(Source data)
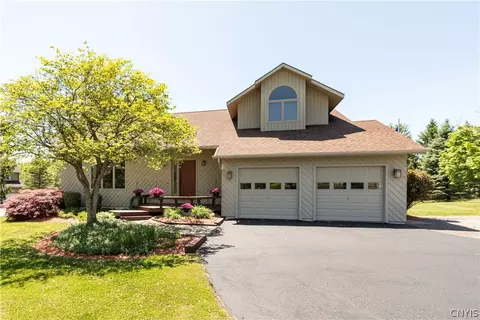 4443 Rustlers Rd, Marcellus, NY 13108
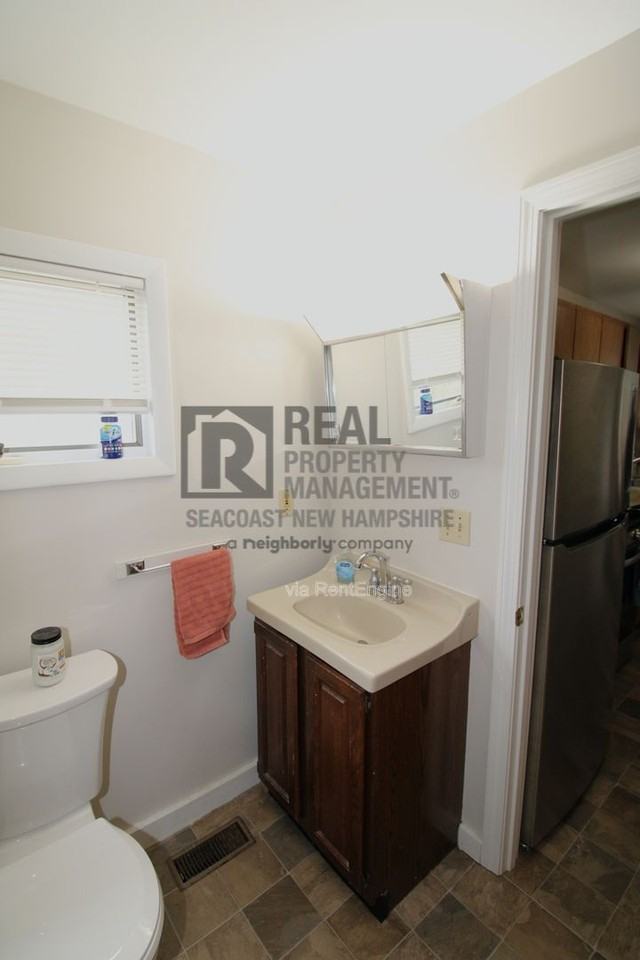 40 Grove St #4 - Photo 6 of 13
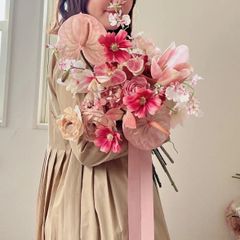 ピンクカラーの秋色ブーケ　ウェディングブーケ　ブートニア付き　アーティフィシャルフラワー　アンスリウム　チューリップ、胡蝶蘭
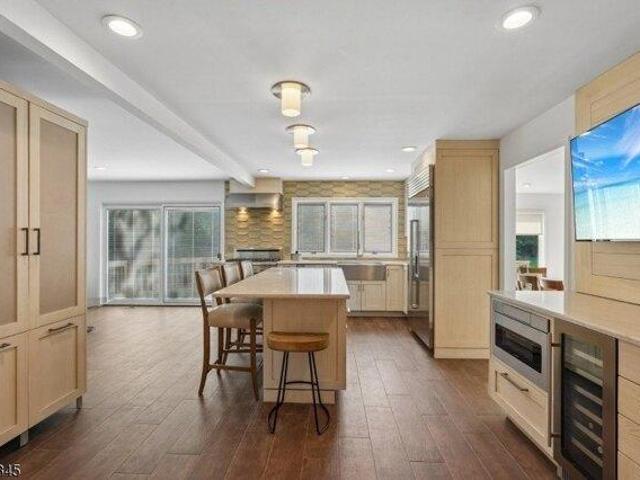 house with 4 bedroom, North Caldwell NJ ES105292279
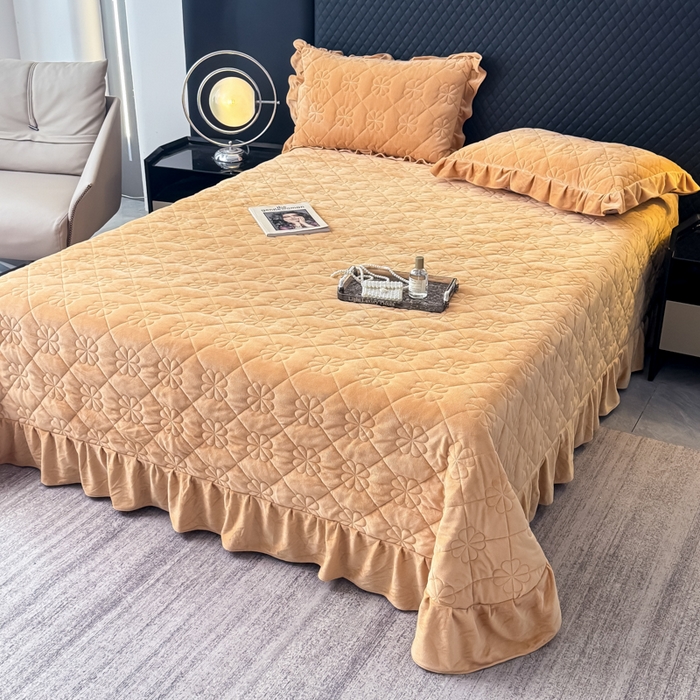 91家纺网 家纺一手货源 找家纺 鑫利来家纺 2025新款高克重水晶绒夹棉床盖三件套-四叶草系列 四叶草-卡其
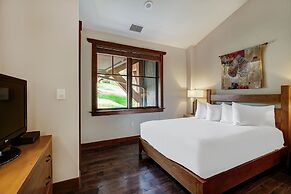 Penthouse 4 Bedroom  At Base Of Peak 8 Condo by RedAwning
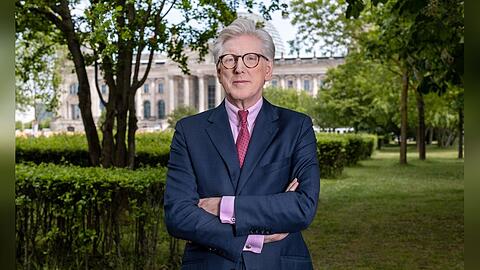 Genau seine Kragenweite: Theo Koll heuert beim ZDF-Morgenmagazin als Politik-Experte an.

**ASSIGNMENT:** Exactly as written, restate the lines above from the opening line through the one holding "Penthouse 4 Bedroom", omitting the pictures.

**RESULT:**
 4443 Rustlers Rd, Marcellus, NY 13108
 40 Grove St #4 - Photo 6 of 13
 ピンクカラーの秋色ブーケ　ウェディングブーケ　ブートニア付き　アーティフィシャルフラワー　アンスリウム　チューリップ、胡蝶蘭
 house with 4 bedroom, North Caldwell NJ ES105292279
 91家纺网 家纺一手货源 找家纺 鑫利来家纺 2025新款高克重水晶绒夹棉床盖三件套-四叶草系列 四叶草-卡其
 Penthouse 4 Bedroom  At Base Of Peak 8 Condo by RedAwning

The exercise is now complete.